# PROMPT
Records follow. Print exactly the lines from the one that has "pleaser adore-700-48 red platform sandals" through the one that has "The Row Round-neck Cashmere Sweater In Black", inclusive, and omit the pictures.

Stored records:
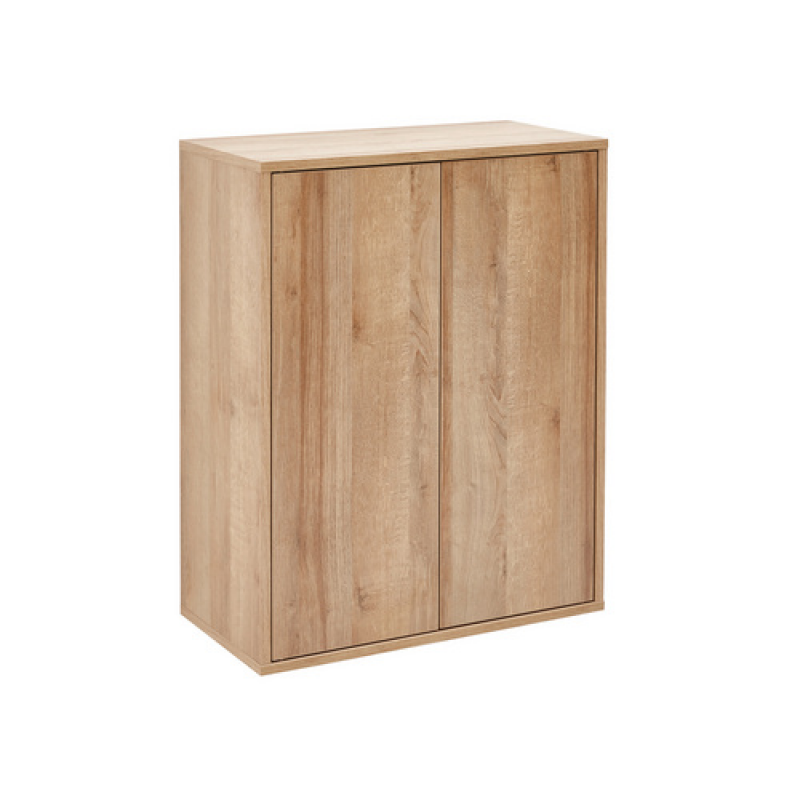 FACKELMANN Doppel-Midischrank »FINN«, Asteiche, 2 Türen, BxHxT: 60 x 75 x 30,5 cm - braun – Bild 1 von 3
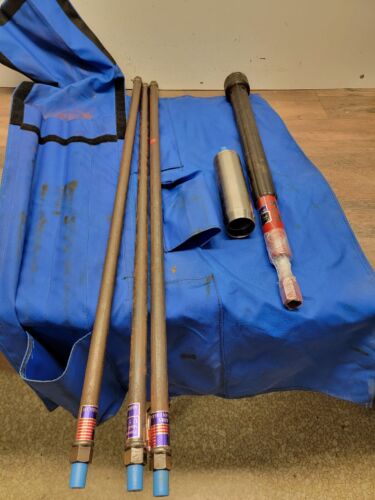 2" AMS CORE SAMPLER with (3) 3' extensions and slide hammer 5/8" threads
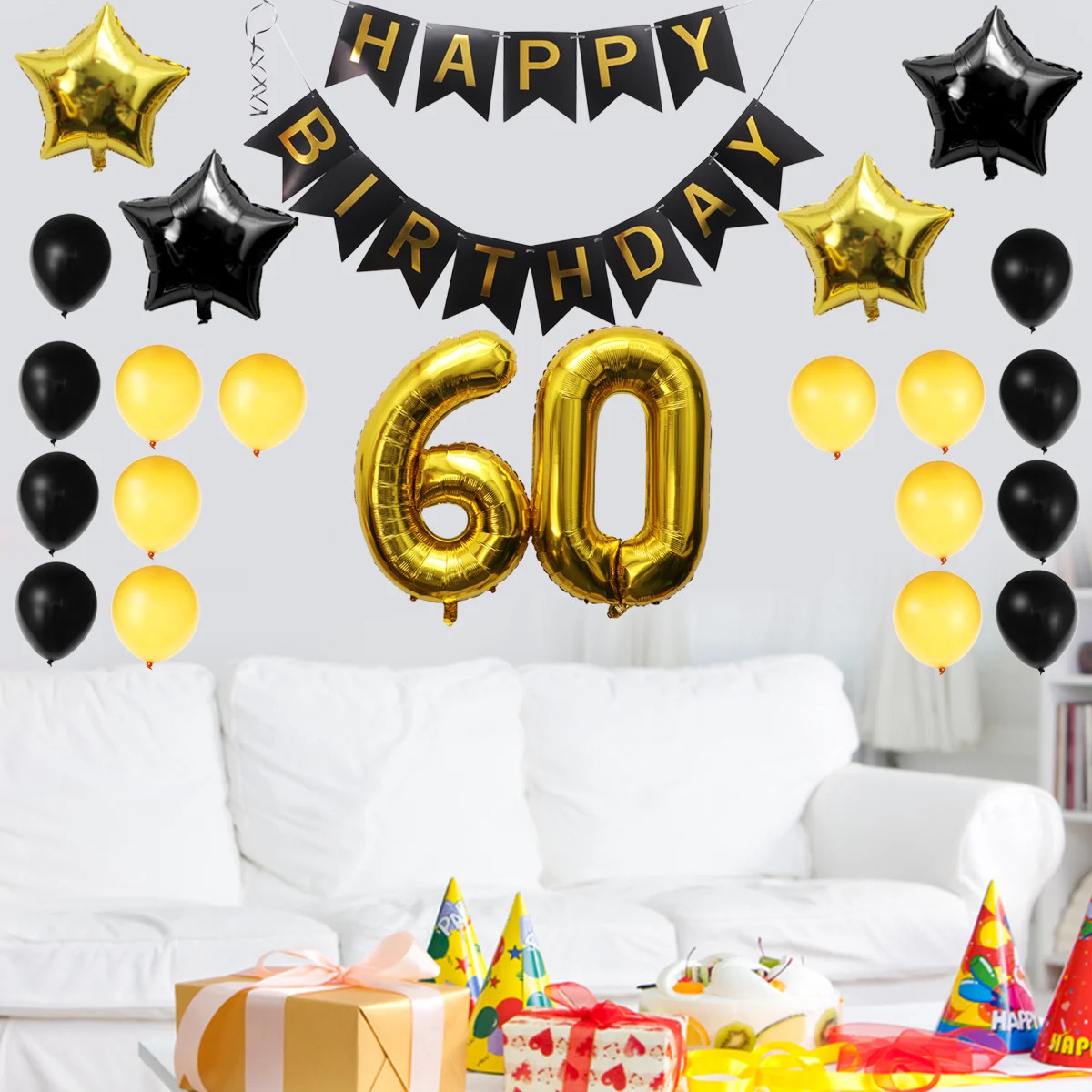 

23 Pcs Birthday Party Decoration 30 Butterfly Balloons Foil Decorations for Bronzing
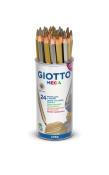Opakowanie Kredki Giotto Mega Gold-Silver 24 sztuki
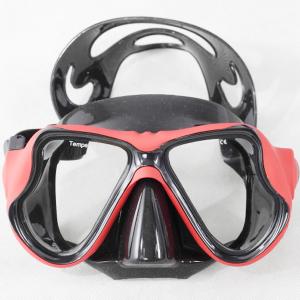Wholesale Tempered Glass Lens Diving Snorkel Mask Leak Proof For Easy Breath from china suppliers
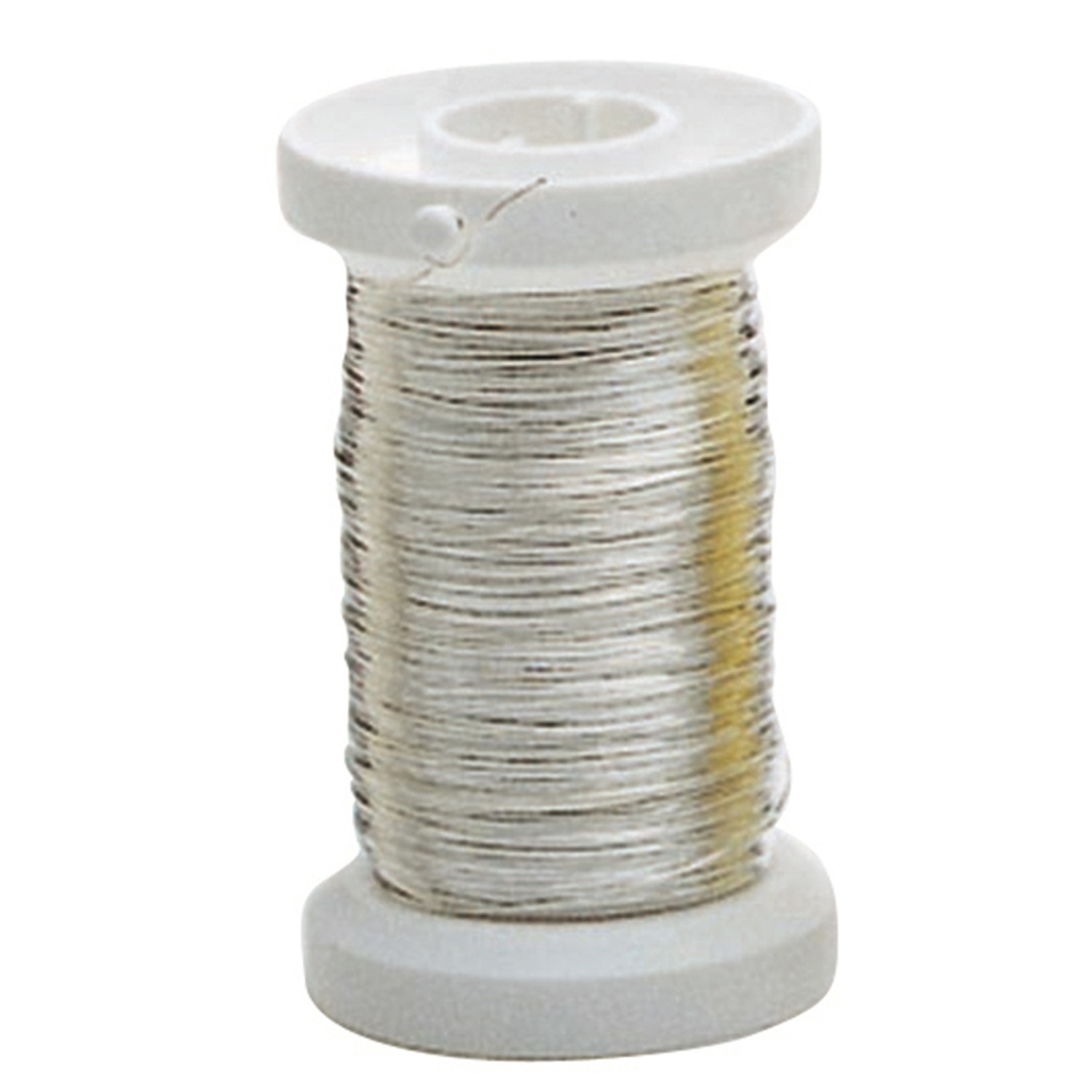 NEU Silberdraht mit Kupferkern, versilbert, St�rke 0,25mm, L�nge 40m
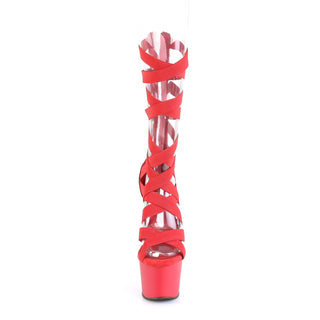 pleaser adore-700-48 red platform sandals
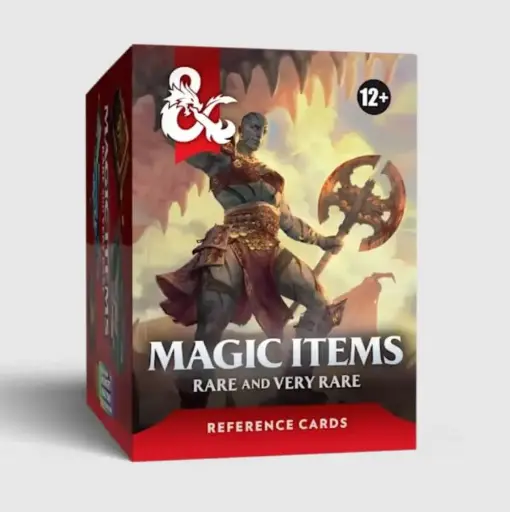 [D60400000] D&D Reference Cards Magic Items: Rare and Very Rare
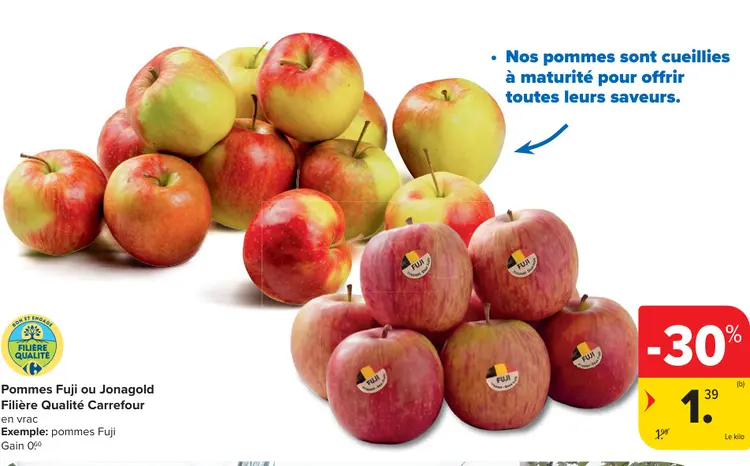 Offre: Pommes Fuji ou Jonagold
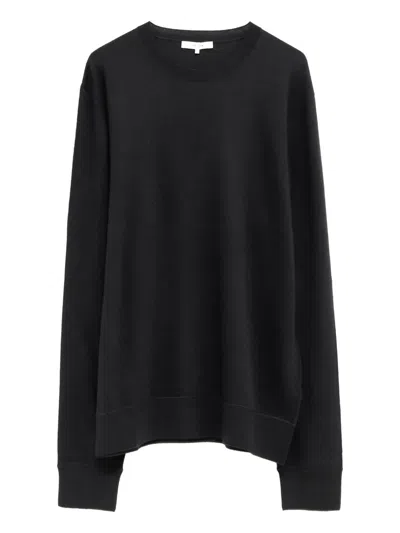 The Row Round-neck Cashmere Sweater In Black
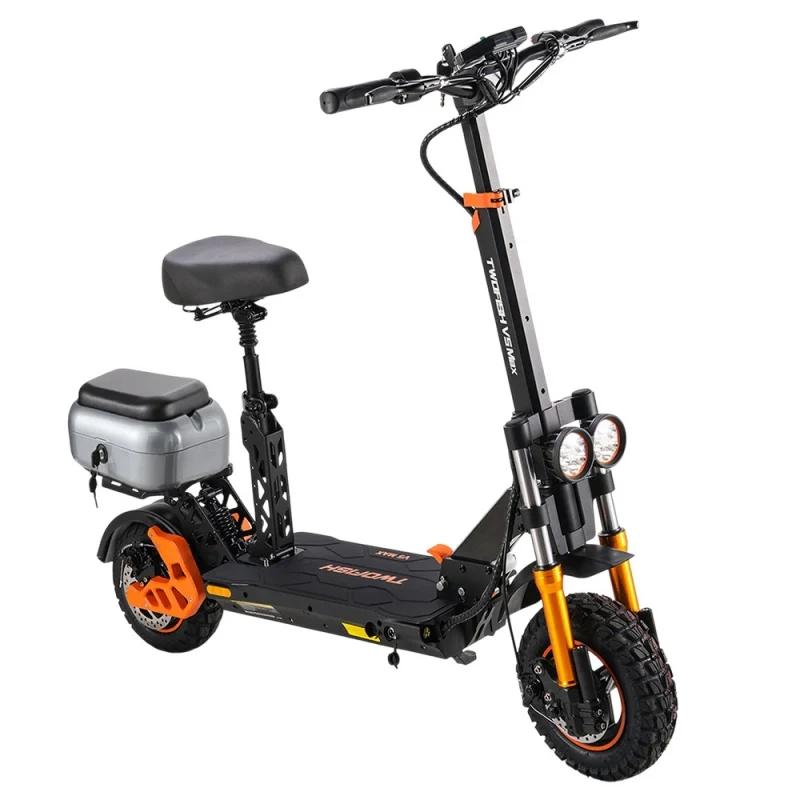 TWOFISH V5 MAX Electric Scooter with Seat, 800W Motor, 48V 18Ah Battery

# ANSWER AREA
 pleaser adore-700-48 red platform sandals
 [D60400000] D&D Reference Cards Magic Items: Rare and Very Rare
 Offre: Pommes Fuji ou Jonagold
 The Row Round-neck Cashmere Sweater In Black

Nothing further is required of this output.